DIANE-- Well, yeah. And also, I should point out that black men and men of color have also been used as research subjects, especially, yes, you know, often without their own informed consent. So that's important, so, but men in general, have been predominantly used as research subjects. And the assumption is, is because men don't, you know, ovulate and don't have hormone fluctuations, that there are more reliable physical source for, for for for research, because you're not going to have all these other factors like, you know, rising estrogen levels and progesterone and these kinds of things coming into play. But you know, one of the things that is is really important, and is being been overlooked for quite some time, is, is women. It's women's health research, and there's and the women, the little research that there is on women's health tends to focus on on important topics, like cancers, Alzheimer's, heart conditions, you know, and those kinds of things. But there hasn't ever been any substantial longitudinal research on the impact of of hormone injections or fertility treatments on on women's women's health in the short term, over time. You know, I've started a little bit of it, but it's, it's, it's, it's not even remotely what's what actually still needs to be done. And you know, currently, the funding situation in the United States is very challenging, especially when it comes to women's health. So for the foreseeable future, for the foreseeable future, in the short term, anyway, I don't have a lot of confidence that we're going to make any progress when it comes to women's health research. I'm hopeful, but seeing again, how the NIH and National Institutes of Health and National Science Foundation funding has been so so dramatically cut, it's going to be quite challenging to get any kind of research off the ground, particularly women's health research overall.

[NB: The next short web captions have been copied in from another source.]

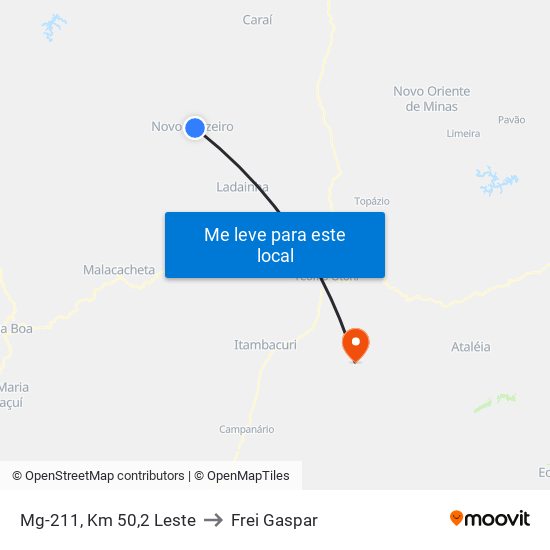 Mg-211, Km 50,2 Leste to Frei Gaspar map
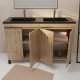 Meuble de salle de bains 120 cm 4 portes chêne naturel + vasque double céramique noire - timber Aurlane - PACM710 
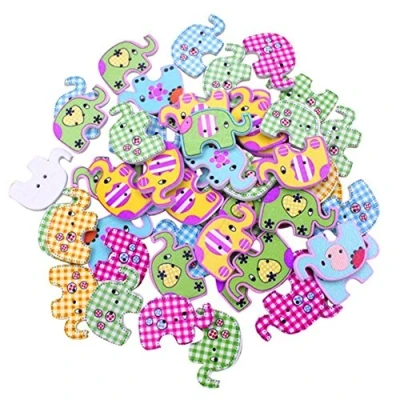Image of NAMVO 100pcs Multicolored Cartoon Animal 2 Holes Wood Sewing Buttons Elephant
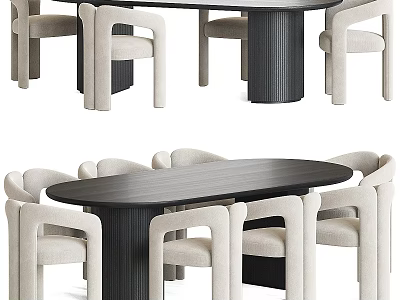Modern Dining Table Set With Black Table And Beige Upholstered Chairs Design 3d model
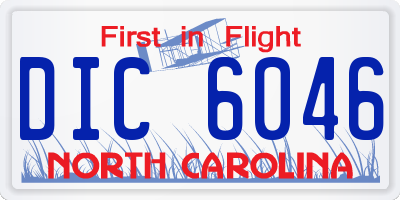 NC license plate DIC6046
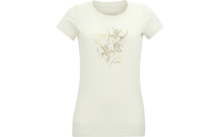T-shirt crème à manches courtes et encolure ronde, imprimé floral beige et vert clair sur la poitrine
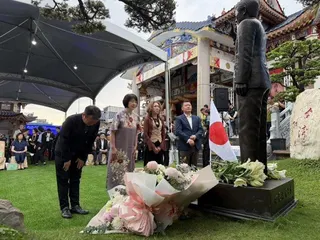 前日本首相安倍晉三夫人安倍昭惠一行約70多人今年5月9日拜訪高雄市鳳山區紅毛港保...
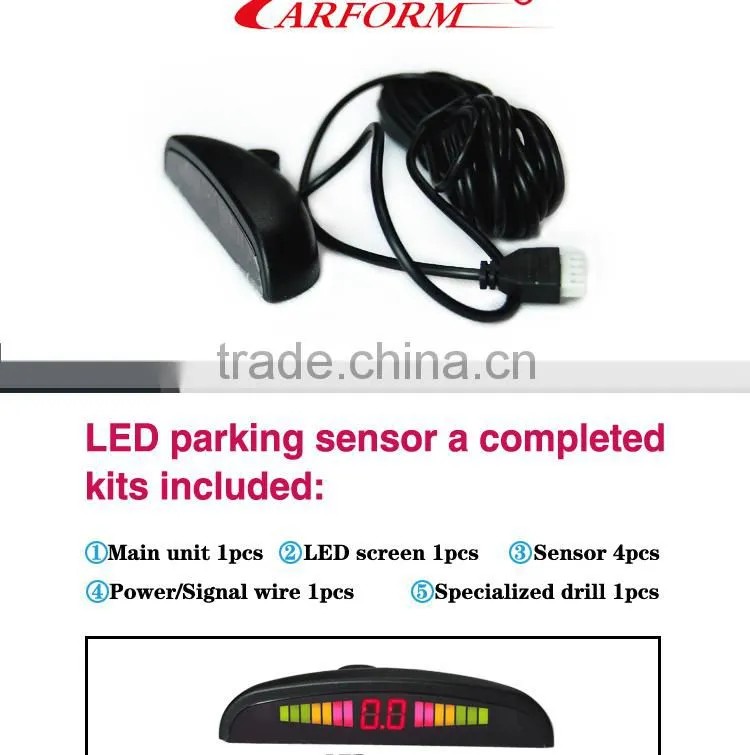 Digital LED display electromagnetic parking sensor with 5 different distance showing and sound alert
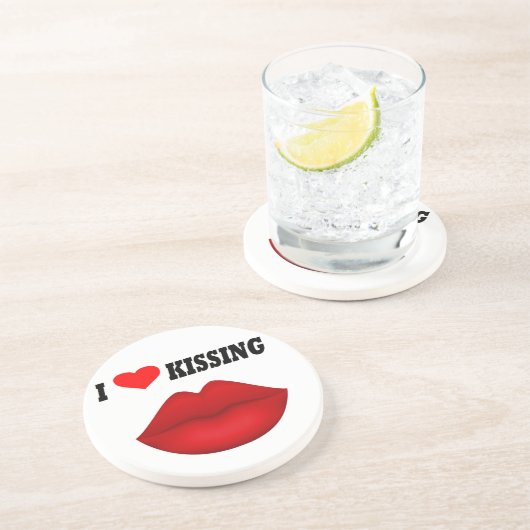 En Grès Dessous de verre J'Aime Embrasser (Côté)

PAT-- How much do we blame that on the fact that most lawmakers in the United States are guys?
DIANE-- Well, I think that's an important, important issue. I mean, you can have a room full of men debating, you know, women's reproduction, and not have a single woman there, you know, you know. So I don't know how well that's going to give one a nuanced perspective in terms of what's needed to be done in order to increase health. But you know, when it comes to egg donation, I would really like to see more longitudinal research. I would like to see one of the projects that I've been trying to develop, and hoping I can find funding for somewhere, is to compare egg donors and egg freezers to look at the impact, because, because egg freezers tend to be a little bit older. So these are going to be women that want to freeze their own eggs for their own future use. So maybe they're they're 30 and they're not ready to have a child yet. Or maybe they're married and their partner, they and their partner are not ready to have a child yet. Whatever the case, most are single, and they're hoping to find a partner and freezing their eggs, you know, between, you know, late 20s to late 30s in the with the idea that they would use them later. And so one of the things that I'm really interested in to look at is, you know, are these two groups comparable, and in terms of the medication protocols they get, in terms of the health outcomes they have immediately and in the long term, and in terms of their satisfaction with the medical care. Because if you have one group that's, you know, a paying patient versus another group that's a paid patient, is there a difference in terms of how they interpret the care they receive in the medical setting? So that's something I'm hoping to do, but yeah, I'll have to find the funding for it.
PAT – Diane Tober, author of the book economics, published by Rutledge. Thank you so much for talking to me.
DIANE—Thank you. I enjoyed our conversation.